Engaño de la percepción: la amenaza de la manipulación de comprobantes de pago 

En la publicación de blog anterior de esta serie, Los guardianes invisibles de Binance P2P: cómo utilizar la IA para proteger a los criptousuarios, vimos cómo usamos grandes modelos de lenguaje (LLM) para proporcionar supervisión en tiempo real en las comunicaciones de los usuarios P2P con el fin de ayudar a detectar transacciones potencialmente sospechosas. Ahora, cambiamos nuestro enfoque a otro aspecto del desafío de aprovechar la tecnología de vanguardia para proteger a los usuarios P2P y echamos un vistazo a la aplicación de modelos de visión por computadora (CV) para detectar estafadores.

En las transacciones peer-to-peer, la función de un comprobante de pago (CDP) válido es fundamental. Es de suma importancia para que los usuarios empleen la debida diligencia y se aseguren de haber recibido la suma exacta de la transacción. A pesar de esto, las herramientas de edición, incluso las más simples, están fácilmente disponibles para que personas sin escrúpulos fabriquen comprobantes de pago que parecen auténticos. Esto plantea un verdadero desafío para los destinatarios al momento de identificar transacciones falsificadas. Los estafadores también pueden hacer que el proceso comercial sea aún más intimidante mediante el uso de diversas tácticas de ingeniería social, como presionar o confundir a la víctima. 

En total, se envían más de 250,000 imágenes en nuestras plataformas todos los días, que no se limitan a imágenes de comprobantes de pago. Sin embargo, existen diversas variaciones en estos comprobantes: las imágenes difieren en formato, diseño y fuente, lo que agrega otra capa de complejidad a la tarea de detectar manipulaciones.

Mientras la amenaza de los comprobantes de pago fraudulentos persista, no dejaremos solos a nuestros usuarios a la hora de combatir estas tácticas engañosas.
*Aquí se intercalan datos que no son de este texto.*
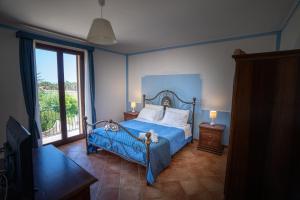 a bedroom with a blue bed and a window at - Vista Egadi - in Torre Nubia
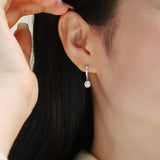 Round moissanite bezel drop earring on ear, polished white-gold tone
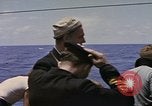 Image of USS Cod (SS-224) rescuing crew from Dutch submarine (O-19) Spratly Islands, 1945, second 47 stock footage video 65675076087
Equipada con algoritmos avanzados de IA, nuestra plataforma analiza todas las imágenes enviadas durante las transacciones, con lo que garantiza su autenticidad y legitimidad en tiempo real. Estos modelos robustos son muy efectivos para identificar y señalar cualquier signo de alteración o manipulación de una imagen. Tales rigurosas medidas de seguridad se implementan con el fin de garantizar la integridad de las transacciones de nuestros usuarios, lo que evita de manera preventiva los atentados fraudulentos y, por lo tanto, mitiga el riesgo de que los usuarios experimenten posibles pérdidas.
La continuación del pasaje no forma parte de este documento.